The following part includes a sinus scroller with a two-color font. Sinus scrollers on C-64 were very limited and small in size before this. This routine holds letters with height of over 20 pixels and the width of the scroll area was almost the screen width. The method used here is almost the same as the one in the second last part of poor - though some modifications have to be naturally added. There is also a logo in the lower part of the screen that was drawn by some of our Norweigian members we had at time. The font in the scroller was drawn by Sam, who coded the part too. Everything runs naturally in every frame in this part.
The third part has two nice routines. At first there is a logo stretching and flipping over its axis (which is a horizontal line at the height of vertical midpoint of the logo) with different flip angles at every eight pixels. In the middle of the screen there is a scroller with multicolor font. In the lower part of the screen there is a zooming logo which zooms in the beat of the music which, by the way, was composed by JCH. In the zoom the logo is a bit rounded while it is zooming out.
The next part features a logo that is flipping over its axis (this time the axis is a vertical line at the width of horizontal midpoint of the logo). The flipping has different angles at every single pixel. The logo is multicolored and is almost the height of the whole screen, there is only room for a small scroller in the lowest line of the screen. The fantastic music was composed by Moz(ic)art.

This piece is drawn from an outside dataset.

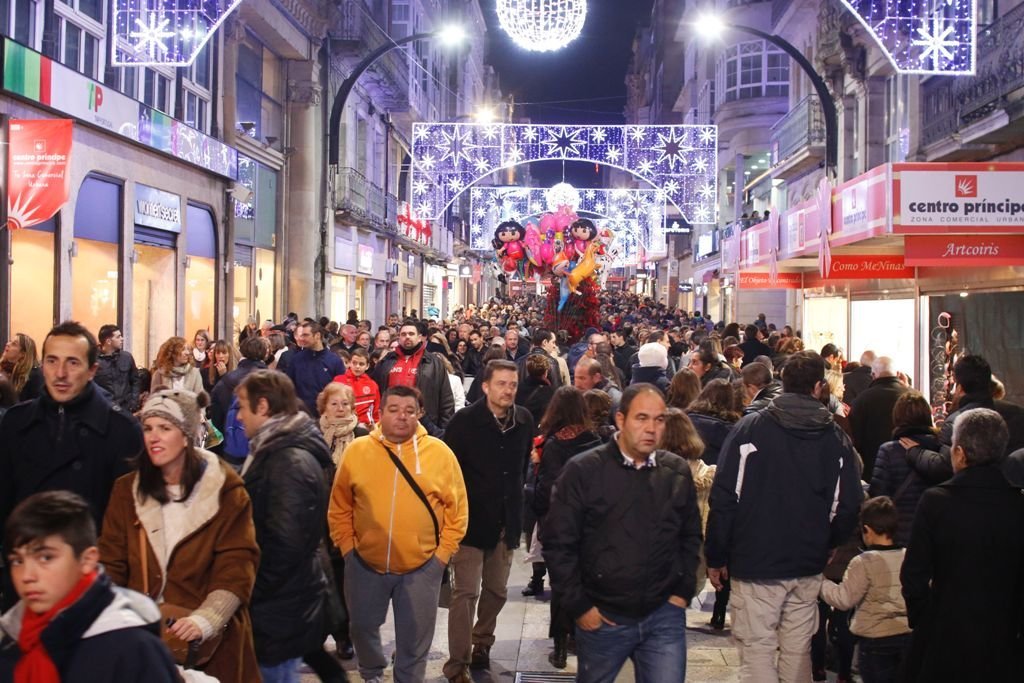 Miles de personas por las calles durante las Navidades, con Vigo lleno.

The fifth part is a regular plotterpart with lots of dots. There is only a scroller in the lowest line of the screen, just like in the previous part. The part is only ment to broke the former record of dots running in every frame so there's nothing more to it. The great music in the part was composed by Maniacs of Noise and the coding itself was done by Sam.

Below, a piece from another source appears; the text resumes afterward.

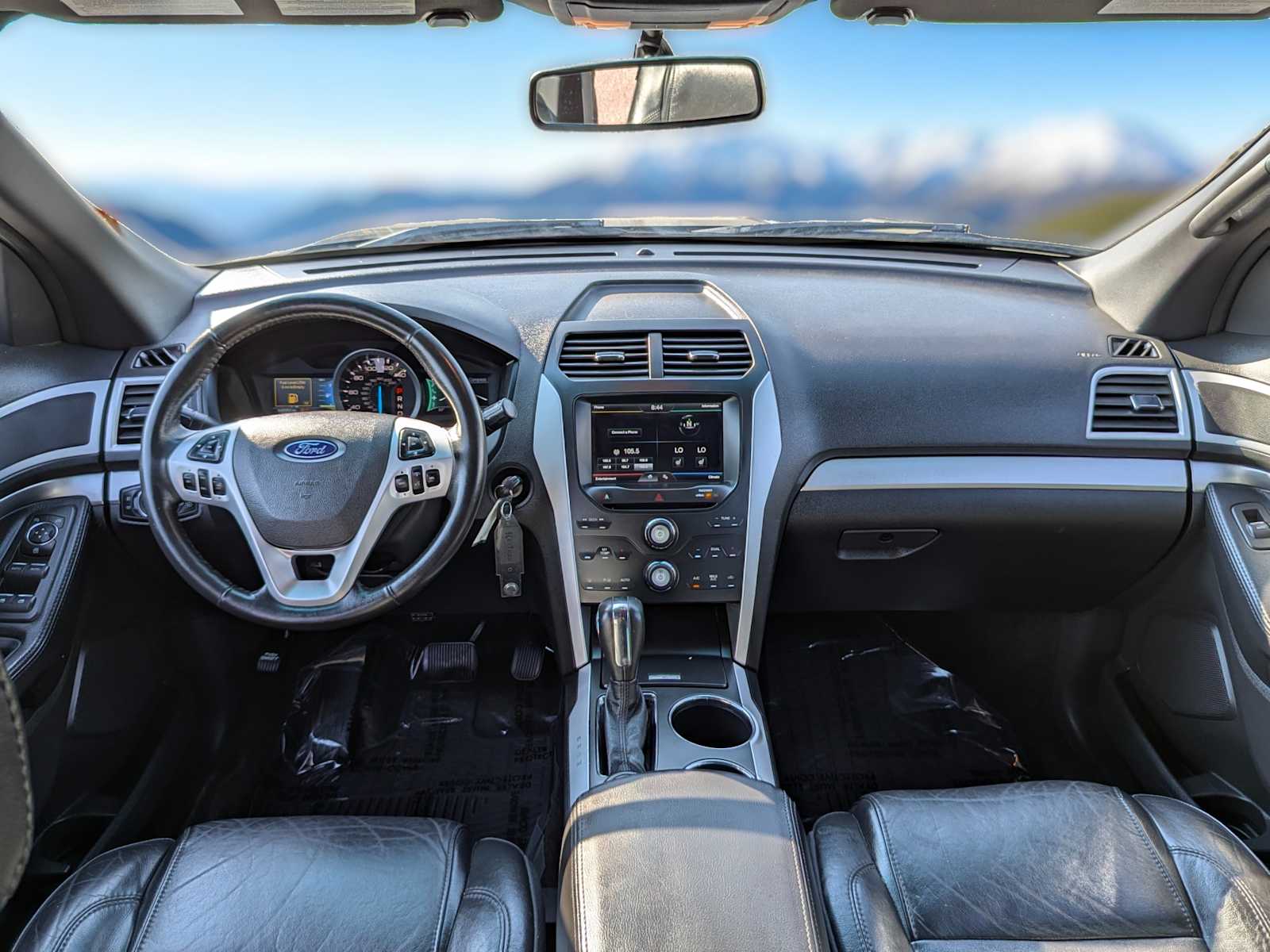 Thumbnail: 2011 Ford Explorer - 32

The next part is really probably the most original one in the demo. Coding in the part was again done by Sam and it has a routine that tech-techs vertical rasterbars holding four colors as they move over each other. This one should really be seen in order to understand what it looks like. There's a text flasher in the lower part of the screen. The part naturally runs in every frame.
The last screen of the demo contains a dxycp (different x and y character positioning) scroller that has nice sinus movements. The scroll is updated every frame and looks really smooth with characters allowed to leave the screen and then enter back again in contrast to the routines most people were releasing at the time. There is a logo in the upper part of the screen which was constructed by CLF of Origo. There's also a multicolor scroller in the middle of the screen. The music was composed by Reyn Ouwehand and programming by Sam.